**EXERCISE OBJECTIVE**
Exactly reproduce the lines of the listing below from the one containing "Gajji Patola sharara" through the one containing "Moara macinat cereale, boabe". Skip the images.

**STORED DATA**
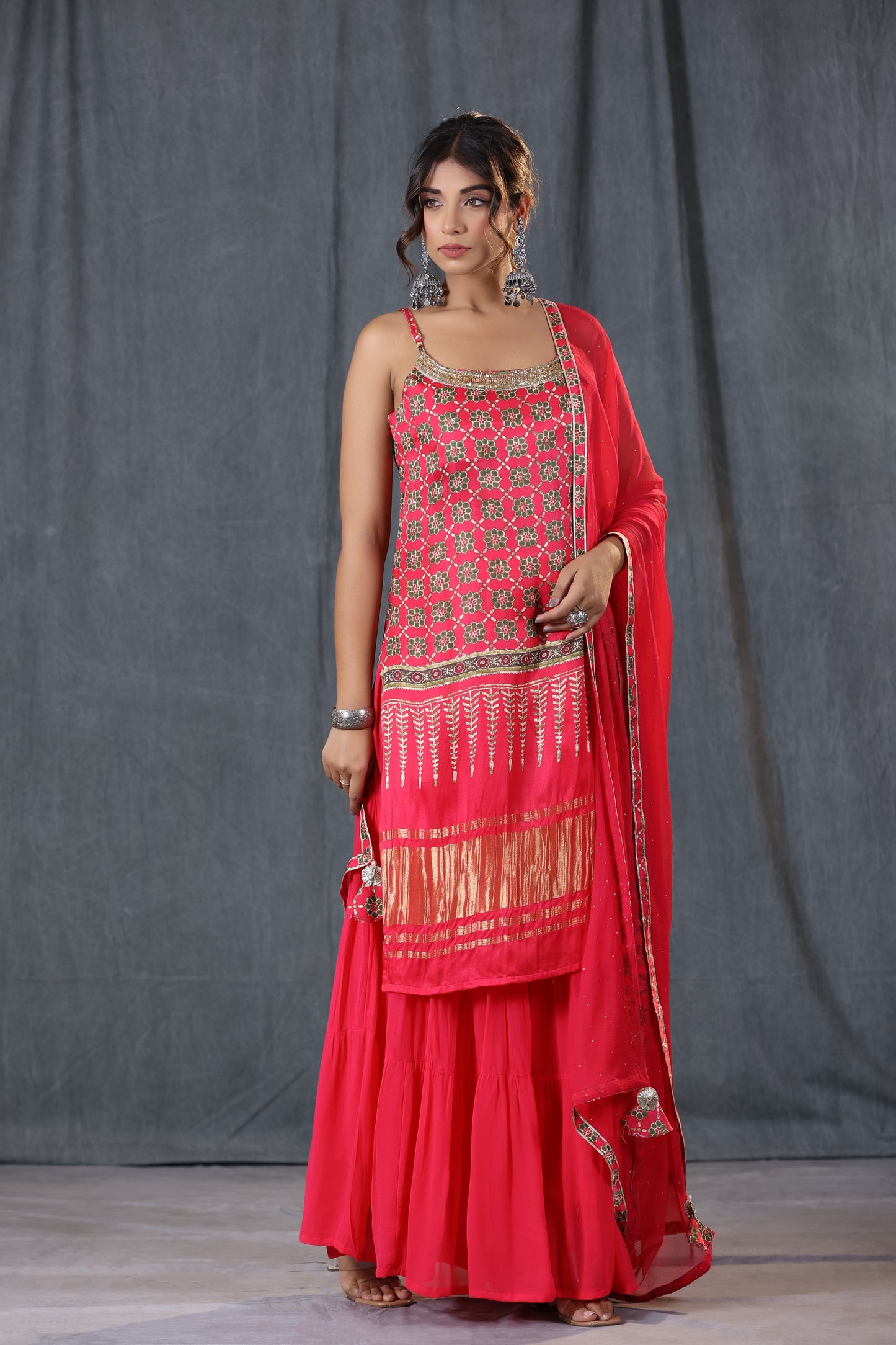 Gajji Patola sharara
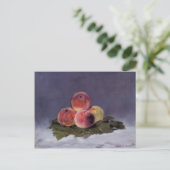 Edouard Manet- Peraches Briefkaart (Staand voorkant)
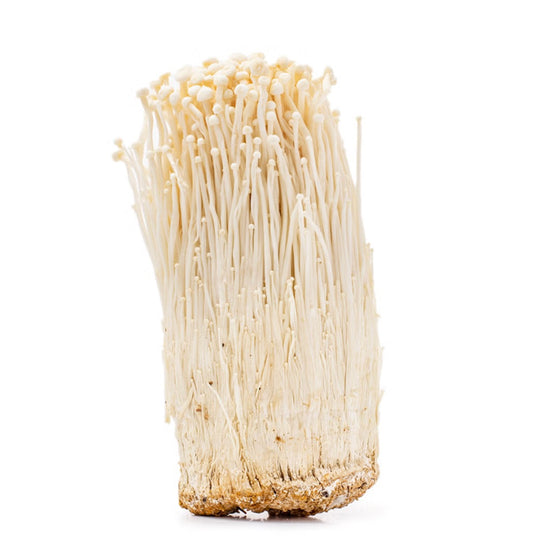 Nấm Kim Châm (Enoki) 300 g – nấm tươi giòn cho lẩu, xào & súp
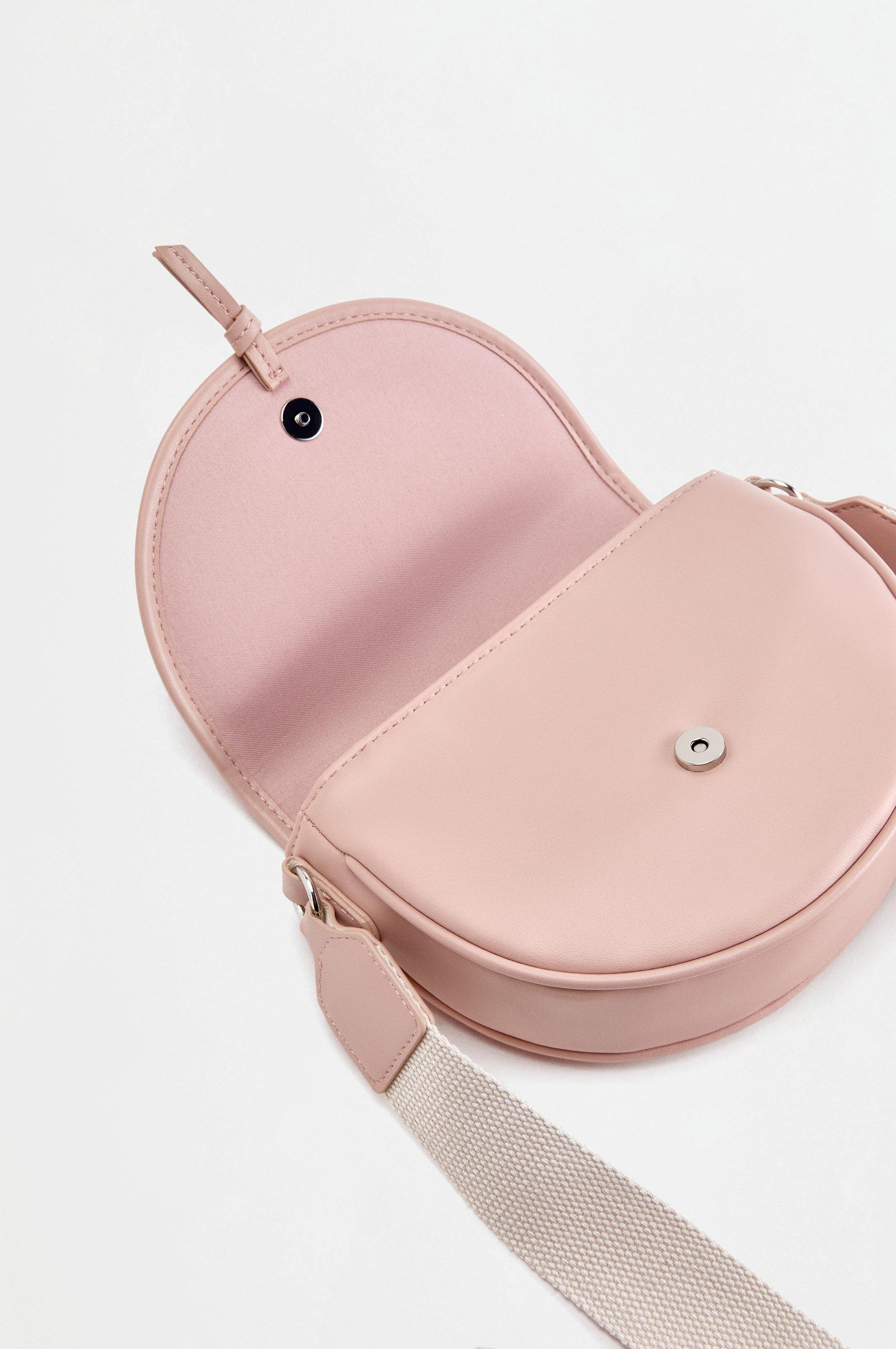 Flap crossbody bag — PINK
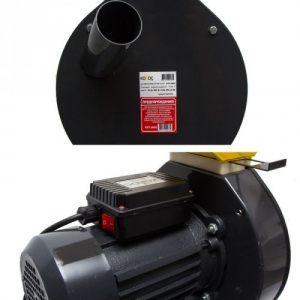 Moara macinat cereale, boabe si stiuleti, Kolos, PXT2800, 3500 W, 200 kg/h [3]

==

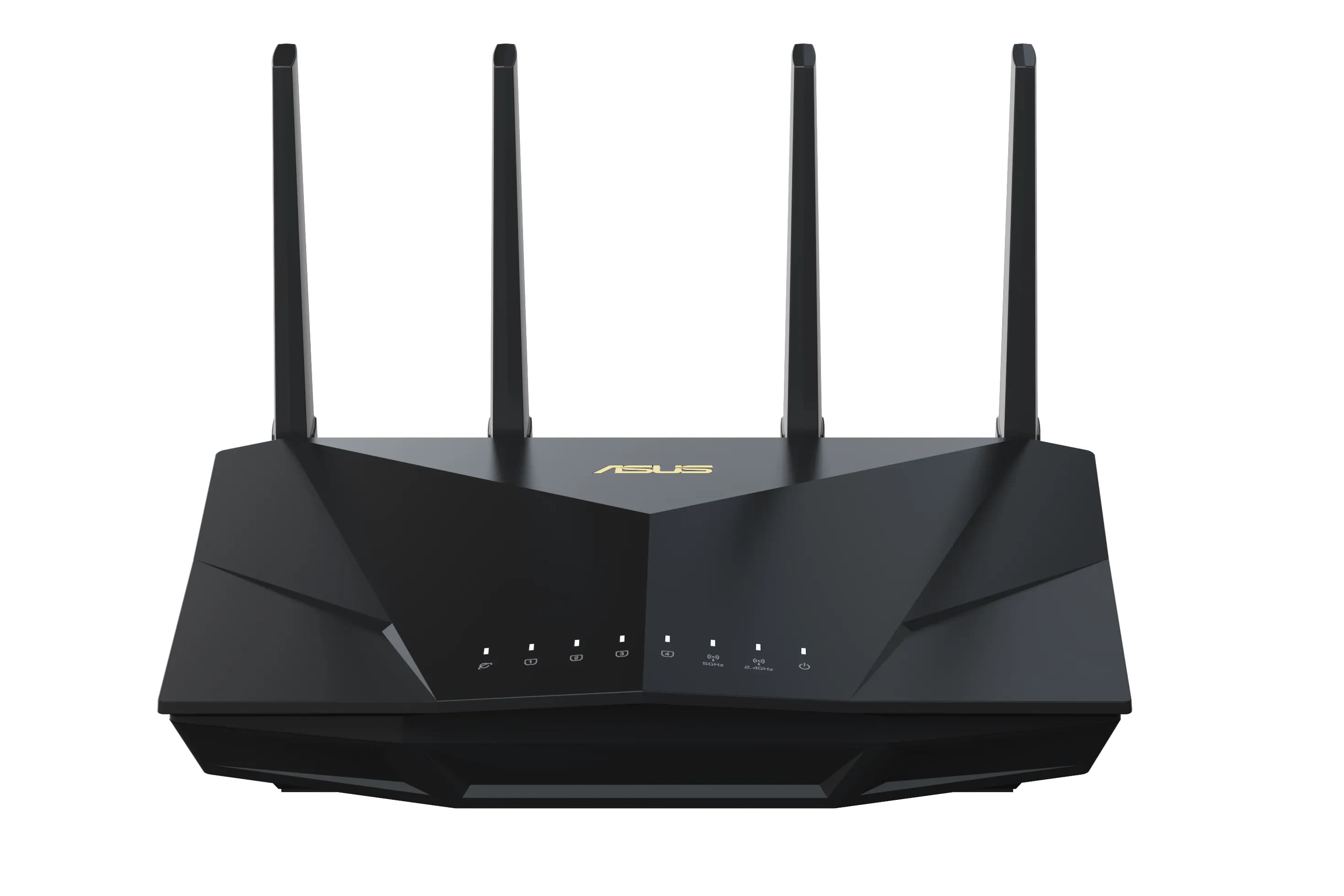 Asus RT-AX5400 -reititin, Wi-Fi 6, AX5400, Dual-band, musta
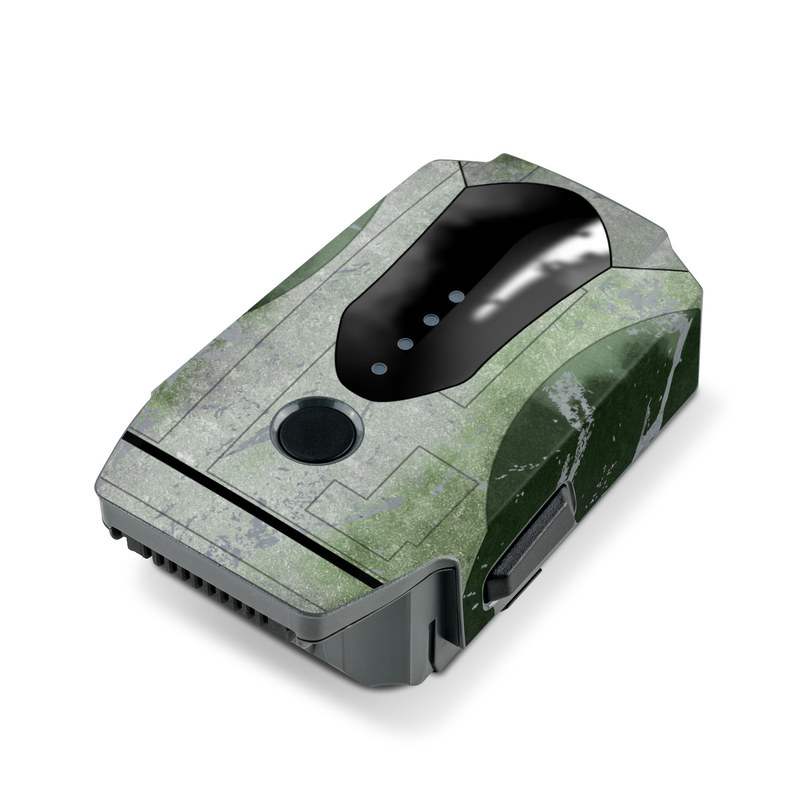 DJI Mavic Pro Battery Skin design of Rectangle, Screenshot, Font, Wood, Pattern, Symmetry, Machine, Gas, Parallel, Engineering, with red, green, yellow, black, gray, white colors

---

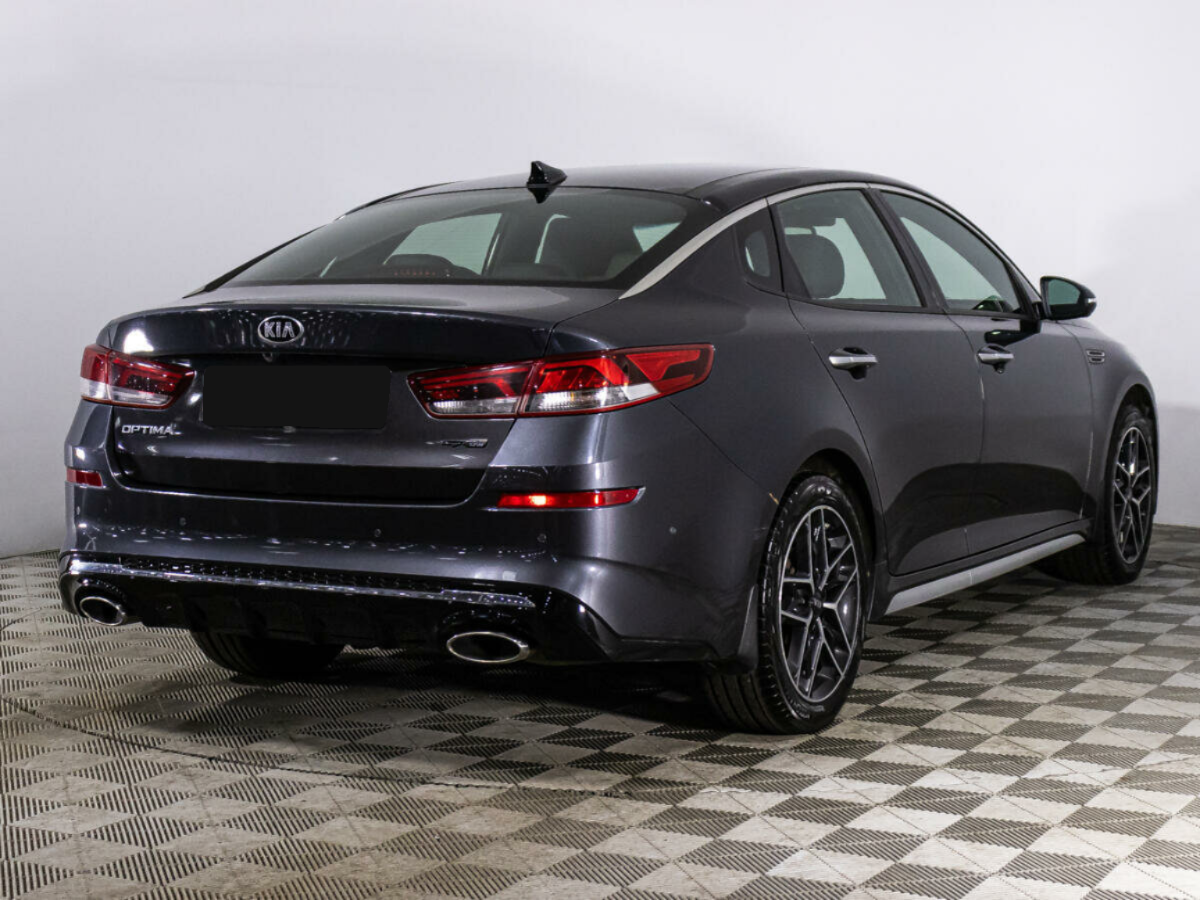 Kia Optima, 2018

**EXERCISE RESPONSE**
 Gajji Patola sharara
 Edouard Manet- Peraches Briefkaart (Staand voorkant)
 Nấm Kim Châm (Enoki) 300 g – nấm tươi giòn cho lẩu, xào & súp
 Flap crossbody bag — PINK
 Moara macinat cereale, boabe si stiuleti, Kolos, PXT2800, 3500 W, 200 kg/h [3]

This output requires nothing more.